YOUR OBJECTIVE:
Transcribe, leaving out every picture, the lines that run from the start of the listing below through the line with "[吴]环溪吴氏十四修宗谱_22卷 (浙江) 环溪吴氏十四修家谱_十三.pdf".

PROVIDED MATERIAL:

--- START ---

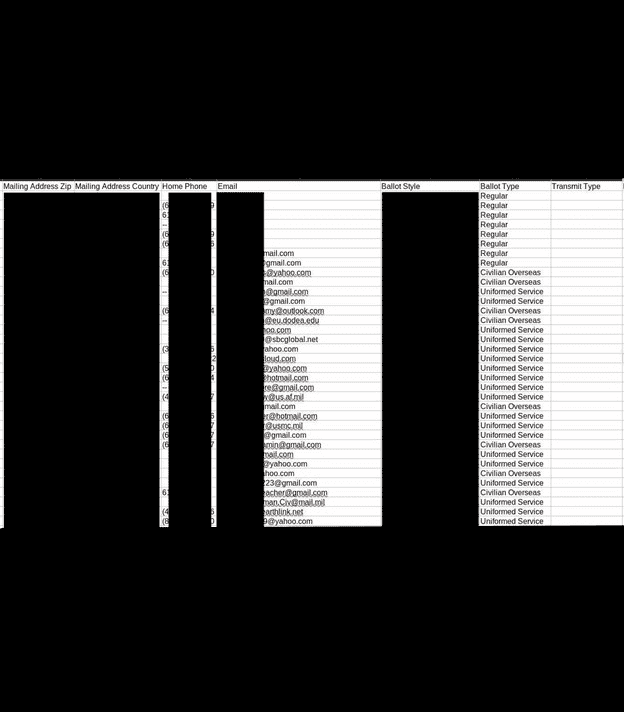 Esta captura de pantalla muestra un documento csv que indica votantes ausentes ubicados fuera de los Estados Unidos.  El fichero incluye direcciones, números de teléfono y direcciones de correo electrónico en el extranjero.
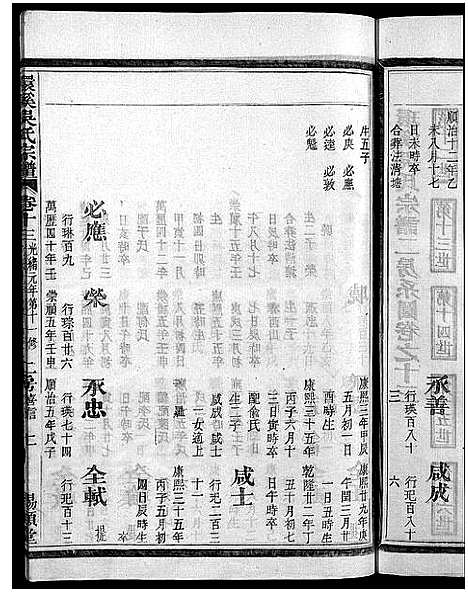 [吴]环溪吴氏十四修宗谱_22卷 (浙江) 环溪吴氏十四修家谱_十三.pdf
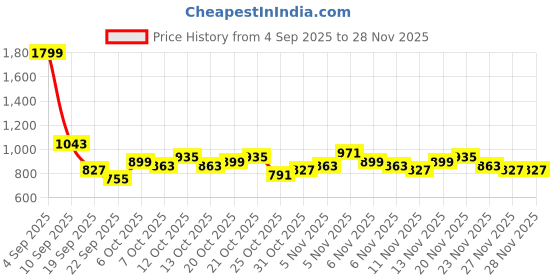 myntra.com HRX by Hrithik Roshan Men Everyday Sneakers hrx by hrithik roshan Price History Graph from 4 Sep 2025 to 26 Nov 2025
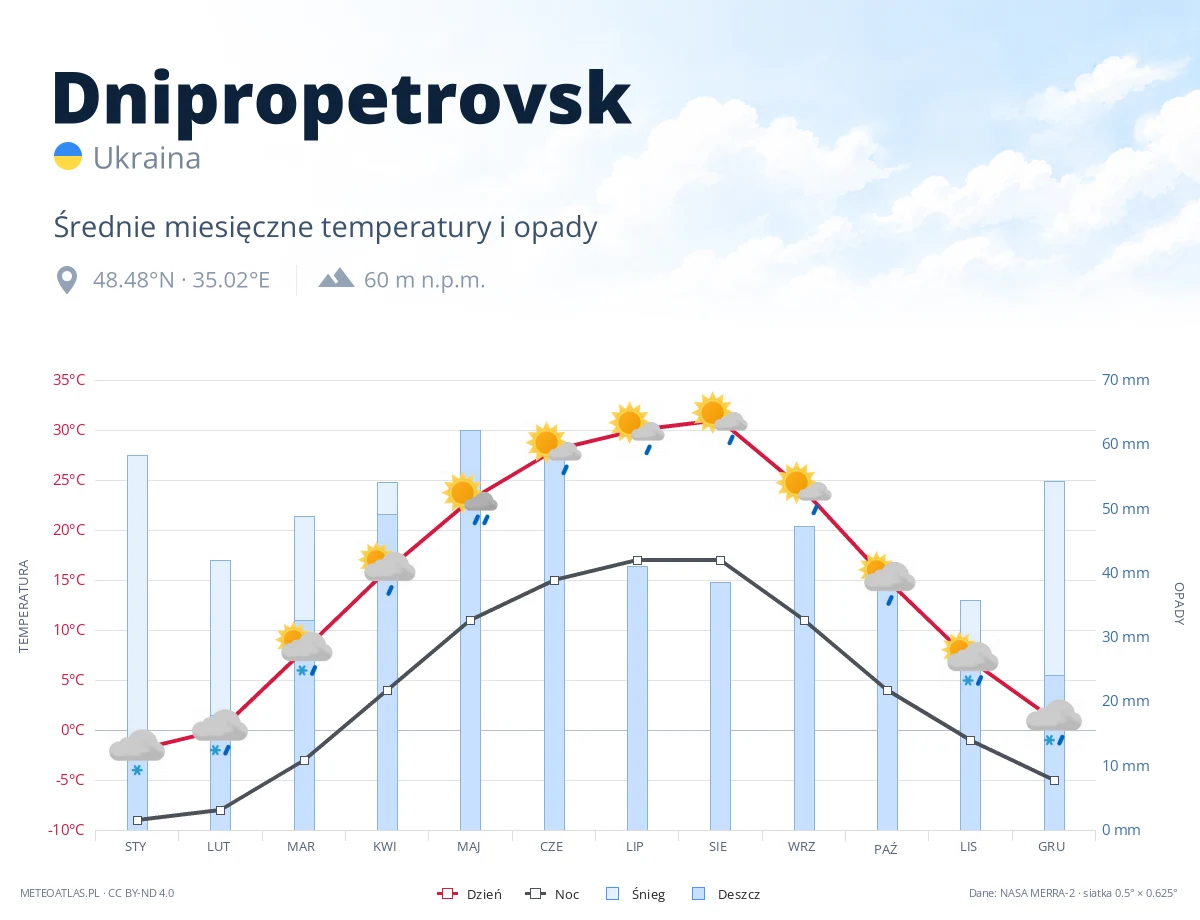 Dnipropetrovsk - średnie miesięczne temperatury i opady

--- END ---

SOLUTION FOR THIS TASK:
 Esta captura de pantalla muestra un documento csv que indica votantes ausentes ubicados fuera de los Estados Unidos.  El fichero incluye direcciones, números de teléfono y direcciones de correo electrónico en el extranjero.
 [吴]环溪吴氏十四修宗谱_22卷 (浙江) 环溪吴氏十四修家谱_十三.pdf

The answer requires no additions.